Royal DSM has emphasised “business continuity” and “smooth integration” following the completion of its $CAD540m (€436m) buy-out of the world’s largest omega-3 fish oil supplier, Ocean Nutrition Canada (ONC), today.
It is DSM’s fifth acquisition since it in 2010 announced its shift from being a fine chemicals player with a line in nutrients to a more focused life sciences company – bring its total spend in the period to about €1.7bn.
It also paid about €800m for Martek Biosciences in 2011 – the largest algae-sourced omega supplier in the world.
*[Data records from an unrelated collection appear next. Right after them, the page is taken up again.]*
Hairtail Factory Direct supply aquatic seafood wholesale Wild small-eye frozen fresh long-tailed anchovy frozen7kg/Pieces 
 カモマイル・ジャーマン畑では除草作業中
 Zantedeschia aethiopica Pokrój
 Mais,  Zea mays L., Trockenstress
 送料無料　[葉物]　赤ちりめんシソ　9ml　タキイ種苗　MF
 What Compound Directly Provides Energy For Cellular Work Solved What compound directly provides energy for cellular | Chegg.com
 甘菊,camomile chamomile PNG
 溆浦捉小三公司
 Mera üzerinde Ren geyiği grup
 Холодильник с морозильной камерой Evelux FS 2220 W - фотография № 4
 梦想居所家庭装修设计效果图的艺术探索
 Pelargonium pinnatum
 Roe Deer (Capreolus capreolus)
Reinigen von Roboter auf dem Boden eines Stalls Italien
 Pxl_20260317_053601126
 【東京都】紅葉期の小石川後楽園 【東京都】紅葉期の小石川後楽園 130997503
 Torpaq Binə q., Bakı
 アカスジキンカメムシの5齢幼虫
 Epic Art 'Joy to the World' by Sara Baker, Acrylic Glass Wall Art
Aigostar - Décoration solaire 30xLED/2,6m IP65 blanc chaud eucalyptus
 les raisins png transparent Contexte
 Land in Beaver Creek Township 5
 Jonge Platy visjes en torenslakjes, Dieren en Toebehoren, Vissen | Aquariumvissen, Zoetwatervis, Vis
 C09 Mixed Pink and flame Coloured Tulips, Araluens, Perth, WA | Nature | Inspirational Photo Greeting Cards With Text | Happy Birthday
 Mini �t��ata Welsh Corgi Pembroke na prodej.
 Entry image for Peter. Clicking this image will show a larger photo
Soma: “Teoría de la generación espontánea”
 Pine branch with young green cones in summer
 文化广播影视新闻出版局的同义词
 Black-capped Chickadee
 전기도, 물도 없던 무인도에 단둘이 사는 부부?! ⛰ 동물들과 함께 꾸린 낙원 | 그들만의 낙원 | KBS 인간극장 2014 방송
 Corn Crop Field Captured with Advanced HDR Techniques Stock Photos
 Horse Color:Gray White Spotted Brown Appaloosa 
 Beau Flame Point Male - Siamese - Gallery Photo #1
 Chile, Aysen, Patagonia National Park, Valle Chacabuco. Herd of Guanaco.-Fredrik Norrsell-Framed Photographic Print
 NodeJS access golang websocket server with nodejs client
Both acquisitions are being housed in its new Nutritional Lipids division.
Board member Stephan Tanda previously told us Martek’s infant food orientation and ONC’s greater strength in supplements and foods with its DHA (docosahexaenoic acid) and EPA (eicosapentaenoic acid) forms, offered a workable complementation.
DHA and EPA are most strongly linked to brain, heart and eye benefits in the scientific literature and have won health claims off the back of that in various markets including Europe and North America.
The deal gives DSM a stronghold in the North American dietary supplements market, while gaining access to ONC’s Powder-loc omega-3 manufacturing technologies that can be transferred to other parts of its portfolio.
“The nutritional lipids category is at an early stage yet well established and is based on strong science, offering significant growth opportunities across a broad range of market segments and applications,” DSM said.
“DSM can now uniquely offer a full range of products in the rapidly growing nutritional lipids category, offering both fish oil derived omega-3 fatty acids and microbially derived nutritional lipids.”
Leendert Staal, president and CEO of DSM Nutritional Products added: "Having completed the acquisition in a timeframe of only two months, we are very pleased to welcome all employees of Ocean Nutrition Canada to DSM today and I look forward to developing this exciting opportunity together.”
“Our attention is now fully focused on ensuring a smooth integration of the business in a timely and efficient manner. Business continuity and customer satisfaction will remain key priorities for us as we focus on future synergy generation between both businesses."